This is now being fulfilled, and I will recur to it at a later stage in my remarks, and merely say now that when that division occurs I want this nation to be at the head of the silver group, which will embrace three or four times the population of the gold group.
V. That throughout the world a fall in prices would take place injurious alike to owners of solid property and to the laboring classes, and advantageous only and unjustifiably so, to the holders of State debts and other contracts of that kind.Will any gentleman deny that this prediction has been verified; that the wages of labor have gone down; that the value of real estate has depreciated; that the price of merchandise of every kind has declined in the hands of merchants; or that national credits have gone up so that 4 per cent. interest on a bond will buy its holder twice as much as 6 per cent. used to before Germany discredited silver ?

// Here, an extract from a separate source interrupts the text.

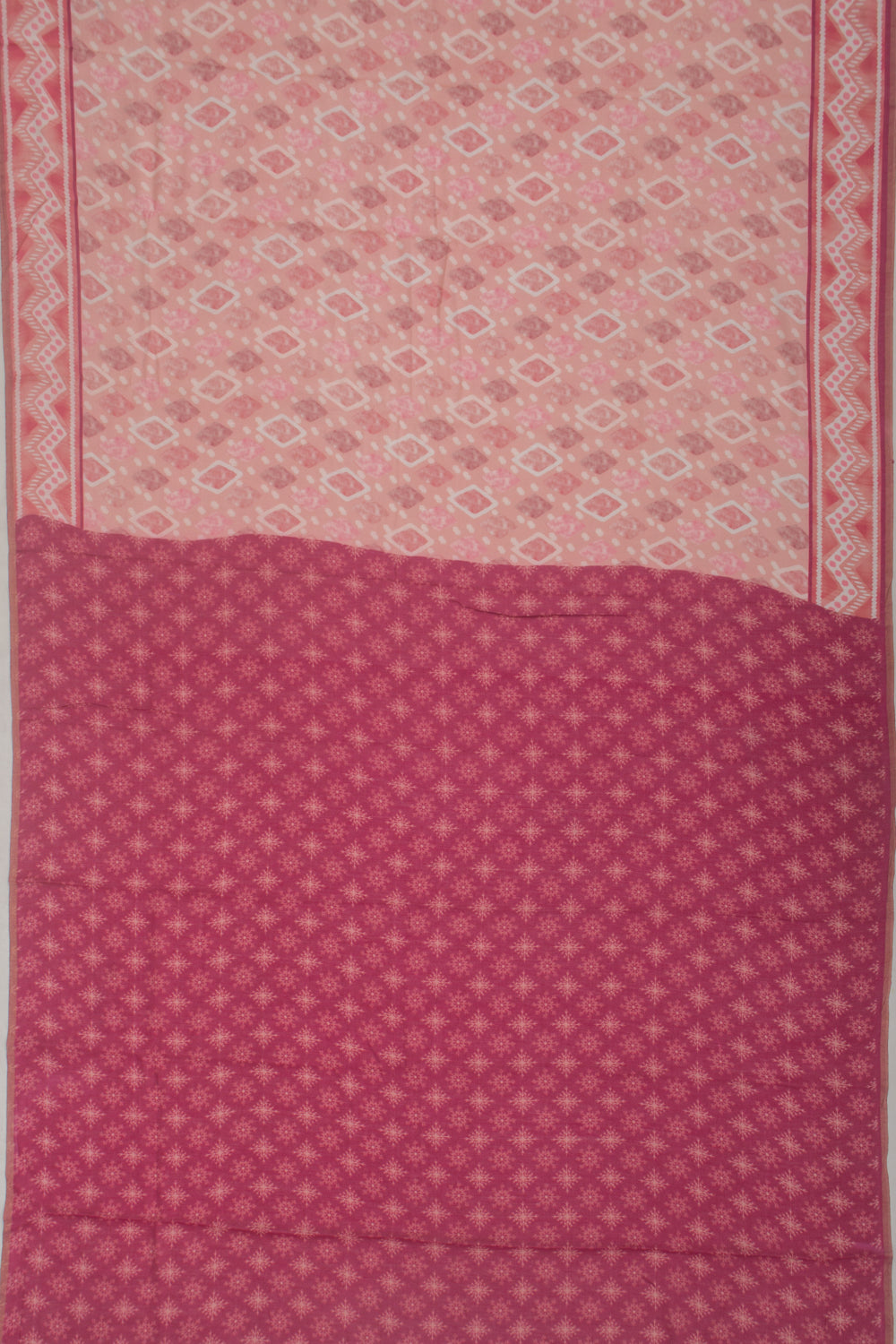 Chanderi Cotton Block Printed Peach Saree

VI. That when this time of depression sets in there would be this difficulty, namely, that the causes of this depression would be sought for in all directions; that all sorts of allegations more or less groundless and fantastic, or of a secondary nature only, would be brought forward by the gold-valuation school and that this real cause, the demonetization of silver, would be neglected until strong signs of distress compelled thinking men to refer to it.
Now upon what were these predictions founded ? On this point Mr. Seyd says:
The extent of international trade and business generally depends mainly on the means available to liquidate balances. Hitherto both gold and silver, in equal proportions, had served for this purpose. But the moment that Germany overthrew the balance and compelled other European states to close their mints against silver that metal ceased to be an effective medium of exchange between the civilized nations.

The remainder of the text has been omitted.